DATA PROVIDED
▼▼▼

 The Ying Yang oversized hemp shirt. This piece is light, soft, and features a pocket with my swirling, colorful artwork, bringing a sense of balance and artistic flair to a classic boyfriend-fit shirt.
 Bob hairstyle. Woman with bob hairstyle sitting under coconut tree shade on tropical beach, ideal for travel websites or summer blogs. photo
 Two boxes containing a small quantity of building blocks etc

▲▲▲

YOUR ASSIGNMENT
In full and exactly as written, the listing is to be copied again.

TASK RESPONSE
 The Ying Yang oversized hemp shirt. This piece is light, soft, and features a pocket with my swirling, colorful artwork, bringing a sense of balance and artistic flair to a classic boyfriend-fit shirt.
 Bob hairstyle. Woman with bob hairstyle sitting under coconut tree shade on tropical beach, ideal for travel websites or summer blogs. photo
 Two boxes containing a small quantity of building blocks etc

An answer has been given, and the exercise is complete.